As the book has pointed out in its earliest chapters, economic theory provides the most reasoned, and often the most powerful and leveraged, guidance for econometric modeling of productivity. The primal and dual relationships that are specified and estimated by functional representations in the form of the production, cost, revenue, and profit functions derive their interpretability from the regularity conditions that were utilized in specifying the production sets, distance functions, and in deriving cost, revenue, and profit functions. These regularity conditions are often difficult to impose with many of the flexible parametric functional forms we discussed in Chapter 6 and may be even more difficult to impose when the functional relationships are specified nonparametrically using kernel smoothers or other classical nonparametric methods. In the production setting monotonicity is often required, analogous to its requirement in models with rational preferences. Concavity of production functions have analogs in convex preferences and risk aversion in utility theory. Demand theory results in downward sloping demand curves for normal goods (Matzkin, 1991; Lewbel, 2010; Blundell et al., 2012), while production theory and duality provide us with implications of profit-maximizing behavior that require profit functions to be concave in output prices. Cost minimization yields cost functions that are monotonically increasing and concave in input prices. Auction theory and optimal bidding strategies that vary across auction formats and bidders’ preferences are based on monotonicity in bidders valuations. Derivative pricing models are highly leveraged on convex function estimation (Broadie et al., 2000; Aıt-Sahalia and Duarte, 2003; Yatchew and Härdle, 2006). Such considerations are ubiquitous in economics and it is essential that we address them in the context of the topic that our book in part endeavors to address, empirical productivity analysis.

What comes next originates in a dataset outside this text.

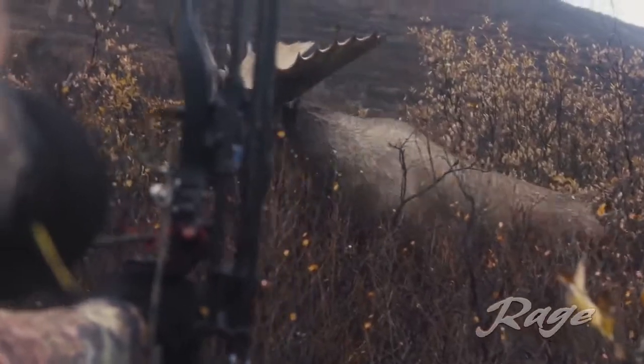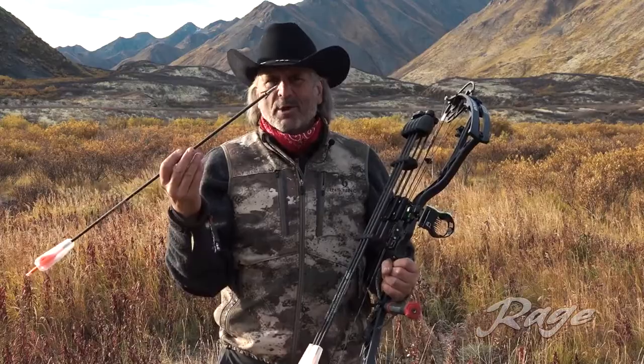2 inch plus cutting surface — no animal survives when you hit it anywhere in the cage with a Rage broadhead.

In this chapter, we discuss several methods to deal with estimation of the primal production function utilizing semi- and nonparametric econometric specifications under monotonicity and curvature constraints. General reviews of this material can be found in Matzkin (1994) and Yatchew (2003, Chapter 6). Work that speaks to relatively recent extensions can be found in Hall and Huang (2001), Groeneboom et al. (2001), Horowitz et al. (2004), Carroll et al. (2011), Shively et al. (2011), Blundell et al. (2012), and Pya and Wood (2015), among others.